Nanna Brynds Hilmarsdottir of Iceland's indie band Of Monsters and Men, 2013
Nanna Brynds Hilmarsdottir of Iceland's indie band Of Monsters and Men, 2013 © Corbis

Björn Ulvaeus laughs when I ask about his early experiences in the music business in the 1960s. “Pre-Abba, even?” Back in those distant days, before the Abba man became a quarter of Sweden’s most successful overseas force since the Vikings, Ulvaeus was in a winsome folk-pop band called the Hootenanny Singers.

They had their first hit in 1963, the sexily titled “Jag Väntar Vid Min Mila” (“I’m Waiting by My Charcoal Kiln”) at the same time as The Beatles’ first hit in Sweden. Ulvaeus remembers watching the Liverpudlians on tour with envy.

“I thought to myself, bloody hell, I have a hit now and it’s in a folk group but I would love to be a pop group,” he says. The seeds of Abba were planted in the shade of Beatlemania. “Deep in our hearts, what we wanted to do was pop music in English,” he says. “That’s how Abba started really.”

Fifty years later, Sweden is a pop powerhouse. In 2011 the nation of 9.5m produced music exports worth more than $150m (according to Swedish industry estimates) – the largest per capita in the world. Now the rest of the Nordic region is catching up.

Indie bands spill out of Reykjavik. Heavy metallers headbang in Finland. Danish singer-songwriter Agnes Obel tops album charts across Europe. Oslo’s answer to “Gangnam Style”, Ylvis’s “The Fox (What Does the Fox Say?)”, is a YouTube hit.

Meanwhile the Swedish machine forges on with Avicii, the DJ conquering the world with his unholy brew of electronic dance music and banjo hoedowns. Fellow Swede Max Martin has his production fingerprints all over Katy Perry’s new album. Norwegian duo Stargate are among the first Rihanna calls when she wants a hit.

Next week the Roundhouse in London celebrates the Nordic invasion with the Ja Ja Ja festival, a two-day event headlined by Danish acts Mew and the Raveonettes. It’s a far cry from the Hootenanny Singers with their sensible knitwear. But is there anything Nordic really going on here? Or is it just cultural mimicry, the copying of music from the UK and US, as though the region were a vast Brooklyn with fjords?

Abba in 1974
Abba in 1974 © Getty Images

The trail begins with Abba. “No one would listen to Swedish music before Abba – we were door-openers definitely,” says Ulvaeus, who formed the band in 1972 with Benny Andersson, Anni-Frid Lyngstad and Agnetha Fältskog, all fellow veterans of Stockholm’s cabaret and pop scene.
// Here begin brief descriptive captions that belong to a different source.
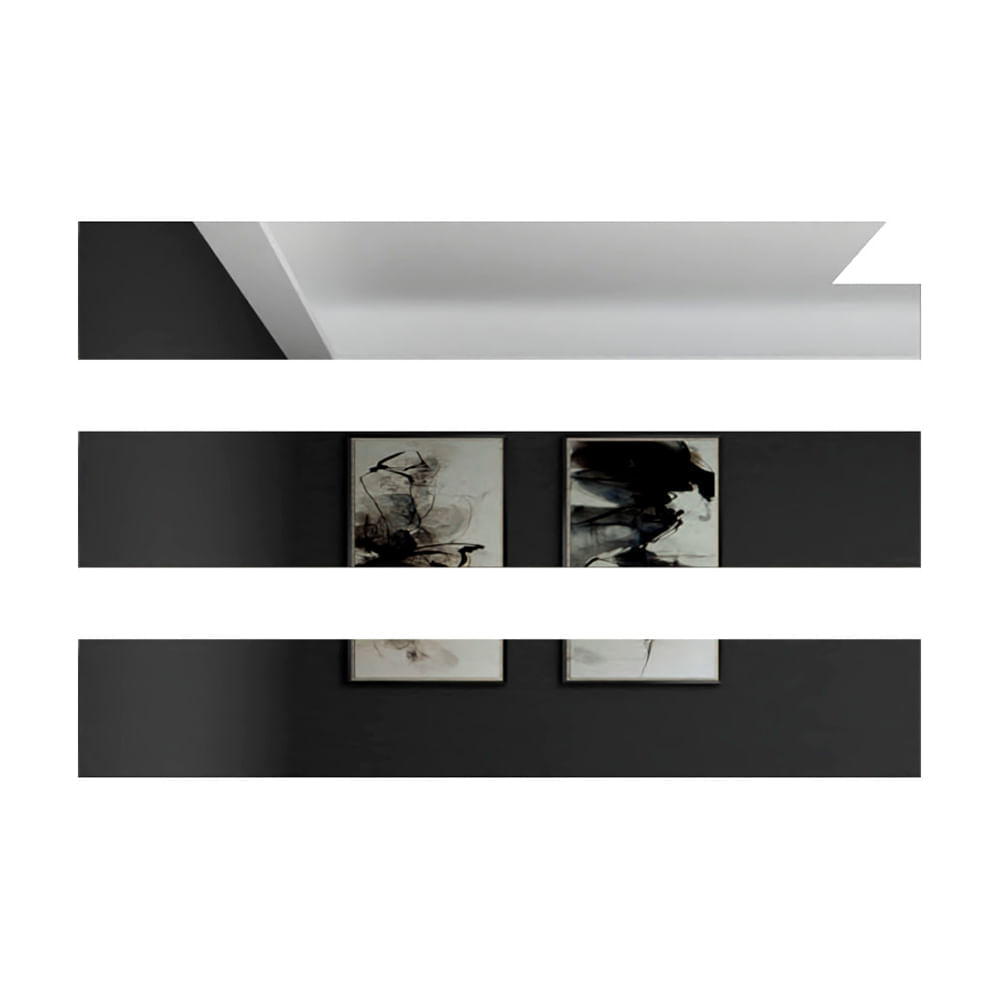 Espejo Atenas Rectangular 120x20cm x 3 Piezas Tuhome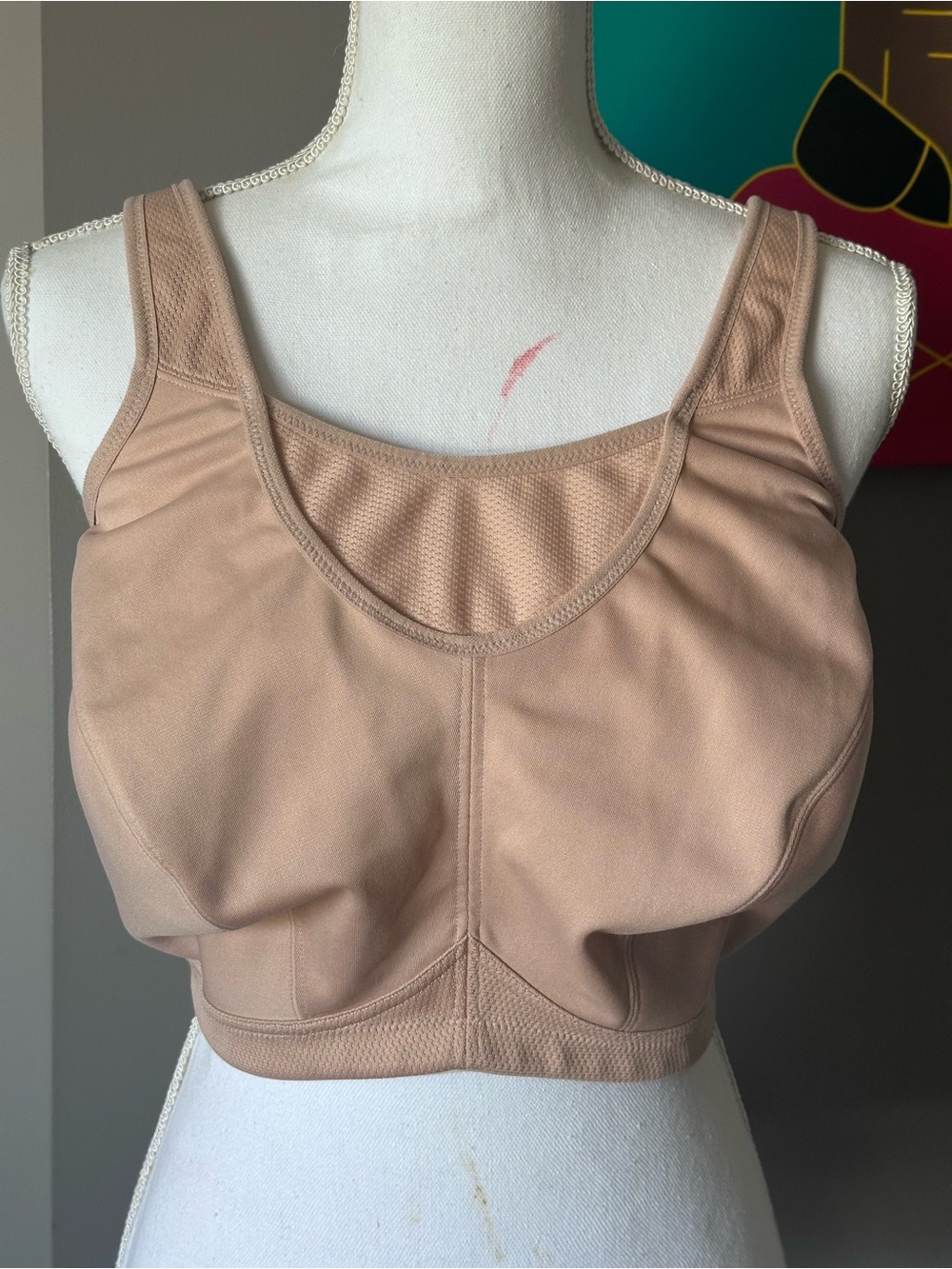 Glamorise Nude Wireless Support Sports Bra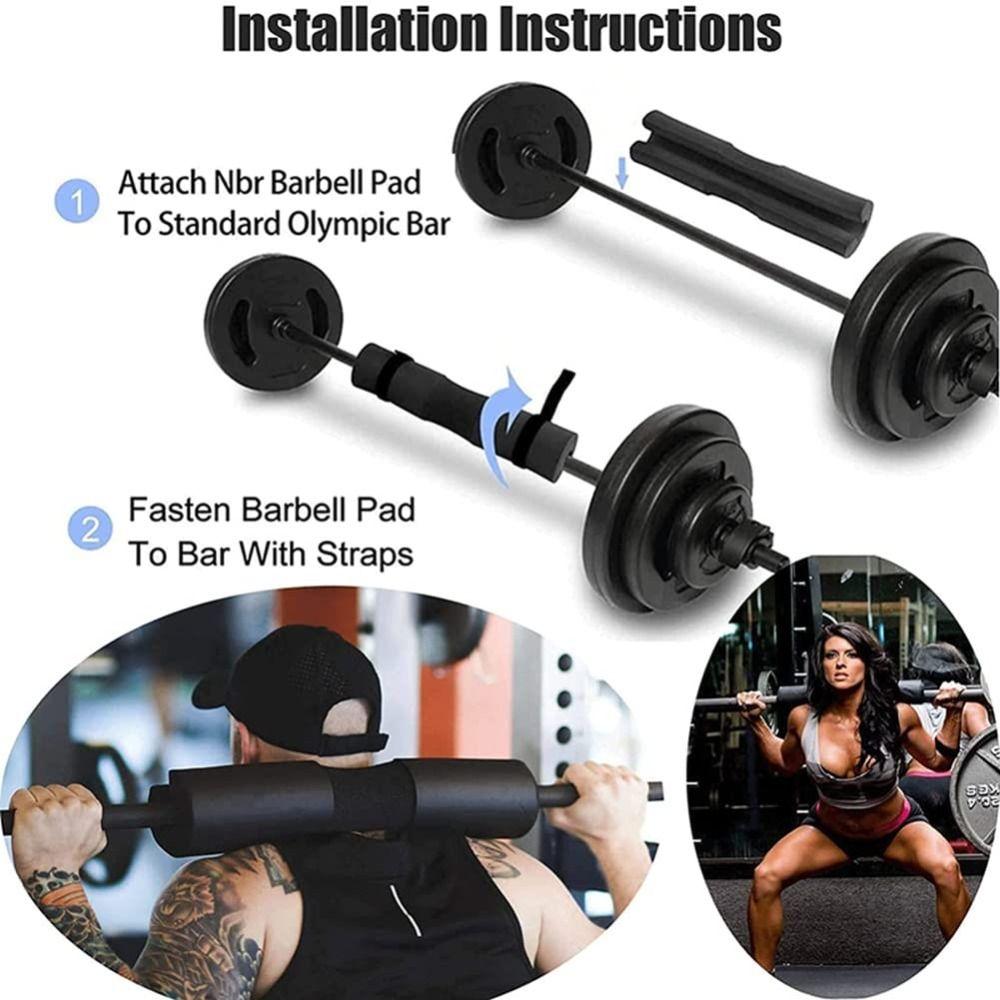 Foam Weight Bar Pad Arc Design Barbell Pad Neck Support Foam Barbell Pad  Hip Thrusts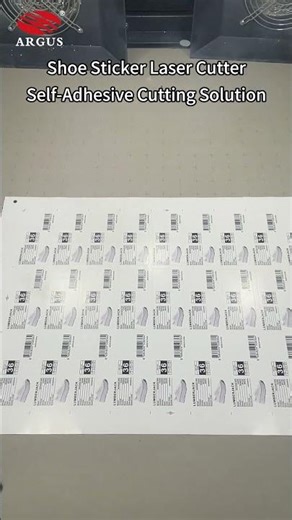 Shoe Label Sticker Laser Cutting Machine | ARGUS LASER Self-Adhesive Cutting Solution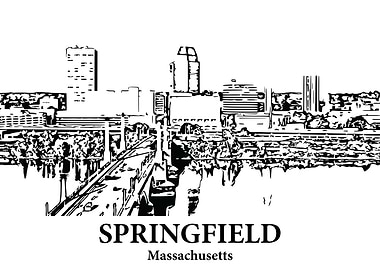 Springfield Massachusetts Skyline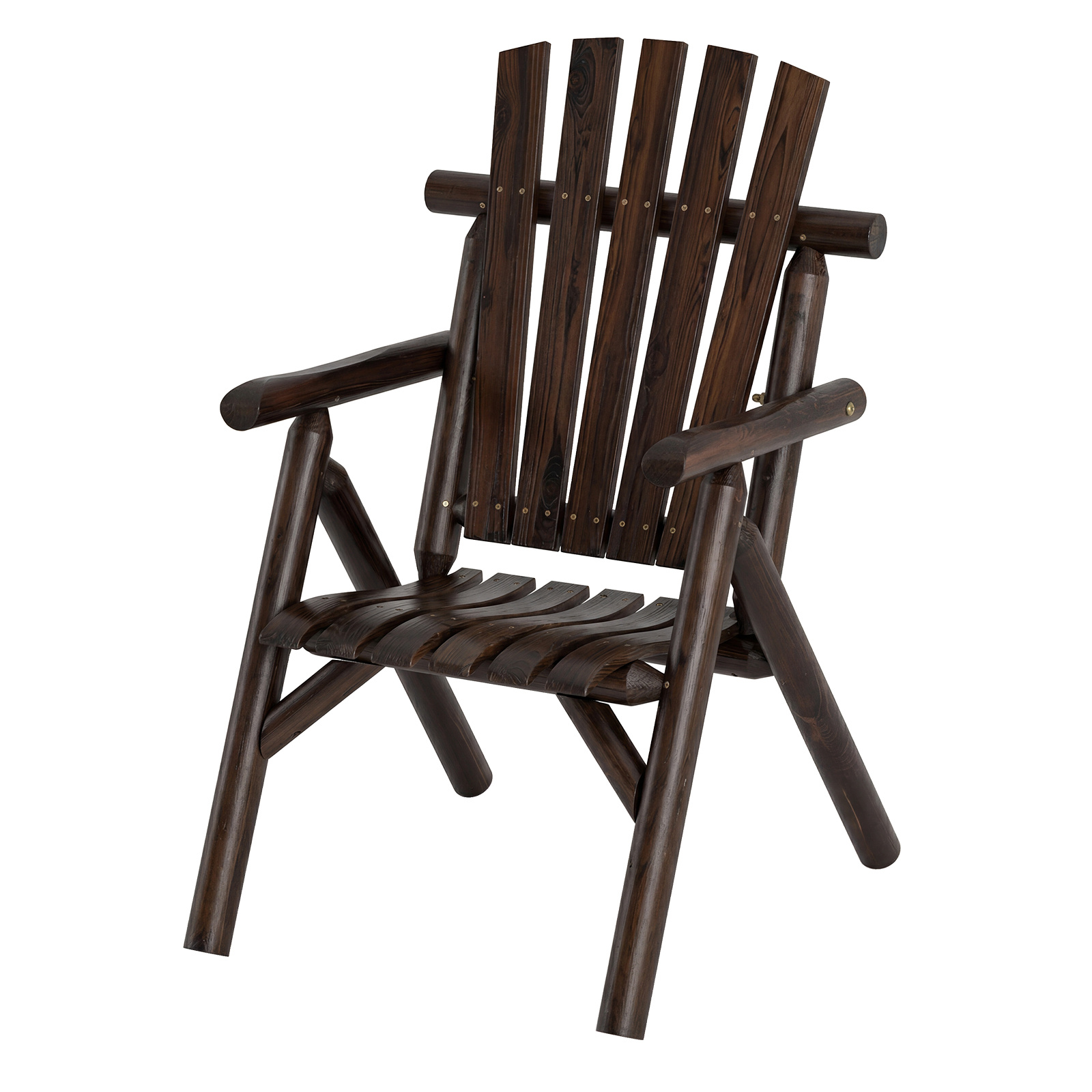 Poltrona-da-esterno-in-legno-con-braccioli-schienale-alto-e-seduta-a-doghe-portata-150-kg-mediaId104470011-1778487912.jpg Costway Poltrona da esterno in legno con braccioli schienale alto e seduta a doghe portata 150 kg, Sedia da giardino singola Marrone - immagine 1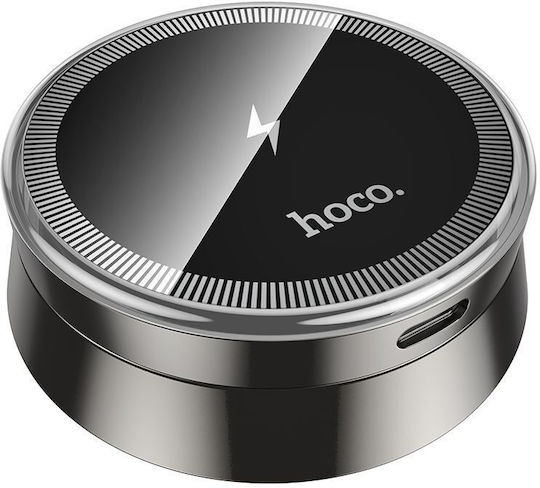 Hoco HW33 Βάση Κινητού Αυτοκινήτου 4.5" - 7" με Μαγνήτη MagSafe Metal Gray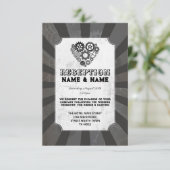 Invitation Réception de mariage Steampunk Mariage Steampunk (Debout devant)
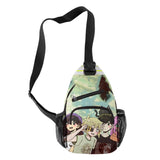 Harajuku Omori 3D Print Chest Bag Outdoor Sports Crossbody Bag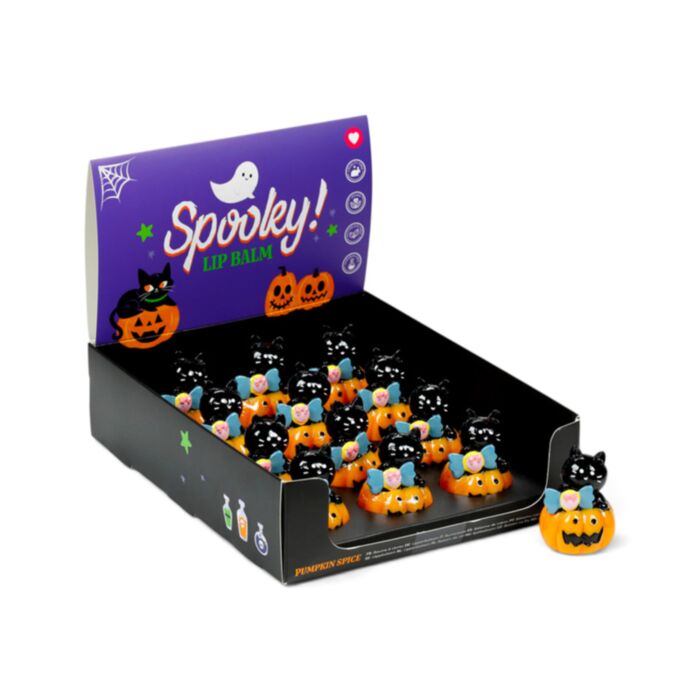 Bálsamo labial gato e abóbora Spooky 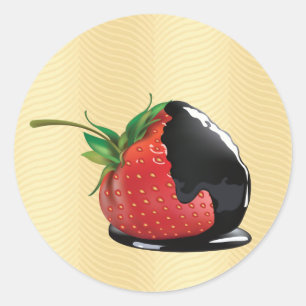 チョコレートいちご ラウンドシール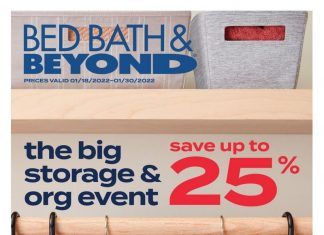 Bed Bath & Beyond Weekly Ad Jan 18 – Jan 30, 2022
From the beginning, the foursome targeted an international audience, a strategy often ascribed to their manager Stig Anderson but which Ulvaeus insists was their own choice. Early singles “Ring Ring” and “Waterloo” were initially recorded in Swedish so as to qualify for Sweden’s Eurovision Song Contest entry. “But,” Ulvaeus says, “the plan was always to sing in English afterwards.”

Co-writer with Andersson of almost all Abba’s songs, he reckons the band had a distinctively Swedish sound. “Swedish radio would play Italian ballads and French chansons and German schlager – a big huge mix. What comes out in Abba is a mix of all of that, which makes it exotic perhaps, and not what would have come out of a pen from England or America.”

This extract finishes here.